By Michael Hurley, CBS Boston
BOSTON (CBS) -- Unlike last year, Tom Brady had not said much about his new helmet during the offseason and summer, as he adapted to change in year 20 of the NFL. That changed on Monday morning, when he was asked in his weekly radio interview about the change forced upon him -- all in the name of safety -- by the NFL and the NFLPA.
"I don't really love the one that I'm in, but I don't really have much of a choice.
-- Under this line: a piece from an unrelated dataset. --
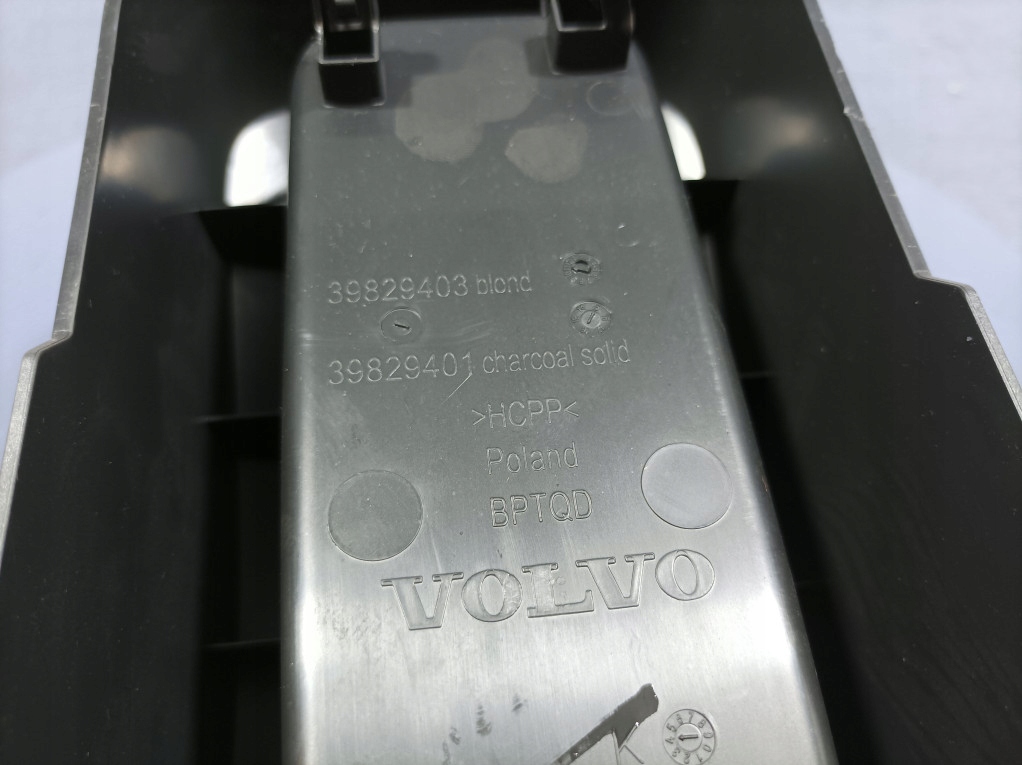 фото №4, Volvo xc90 ii бардачок iii rzędu сидений 39829401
So I'm just trying to do the best that I can to work with it," Brady said on the Greg Hill Show on WEEI. "And I hated to put [my old helmet]on the shelf, but that was what they kind of said to do, so that's kind of what I'm dealing with."
That question must have gotten some gears turning in Brady's head, because a day later, the quarterback posted the following to his Facebook and Instagram pages: "I think they just didn't like the way the old helmet was working up in New England."
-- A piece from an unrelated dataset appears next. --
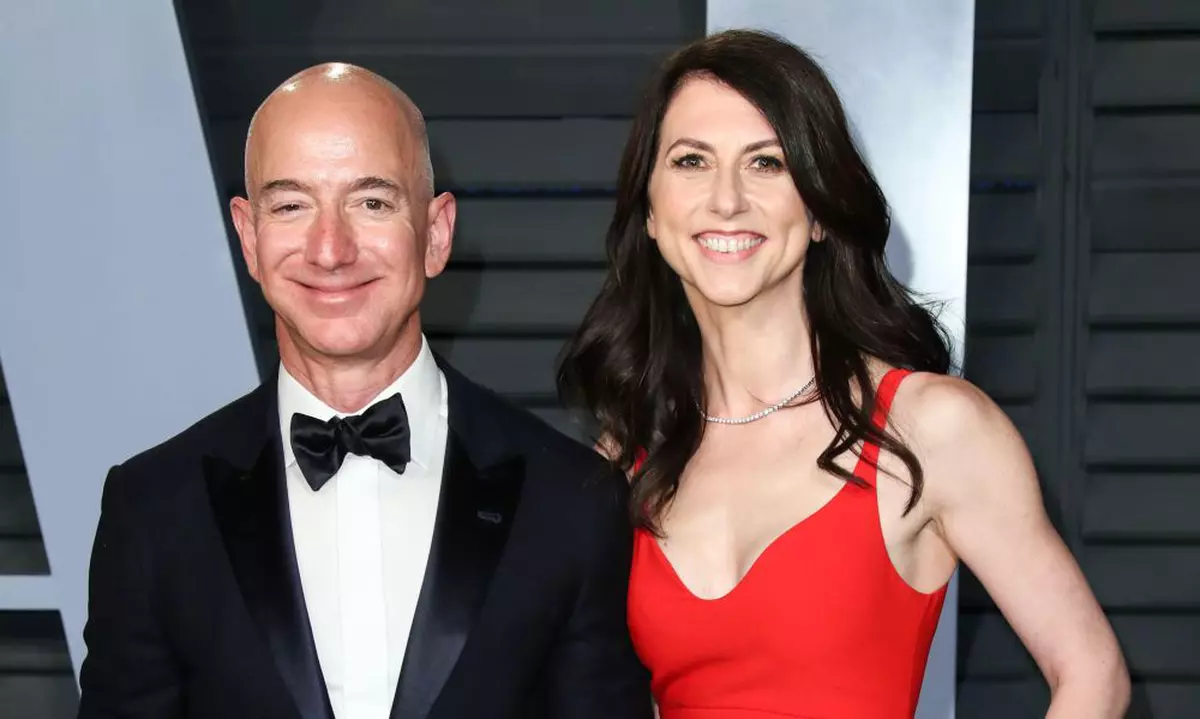 MacKenzie Bezos va deveni a patra cea mai bogată femeie din lume după divorțul de Jeff Bezos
Presumably, the "they" in this message in the NFL, and the "didn't like" has to do with the fact that Brady has simply done too much winning over his two decades under center for the Patriots. As Brady said on Monday, he had worn his previous helmet for the past four Super Bowls, which for most players would represent a whole lot of Super Bowls. (For Brady, it represents almost half of his Super Bowls. The man plays in a lot of Super Bowls.)
Such a comment would obviously have been made in jest. Certainly, the rule change applied to all players, including Drew Brees, Aaron Rodgers and (of course) Antonio Brown.
Still, as is the case with just about everything Brady says publicly, there's always at least a little bit of truth behind every joke. That doesn't mean we can expect any holdouts or retirement threats like the Raiders got to experience with Brown, and this doesn't quite rise to the five-alarm level that the silent protest back in 2016 caused. But, given Brady's personal history of -- shall we say -- conflict with the NFL? Add this minor dig to the log.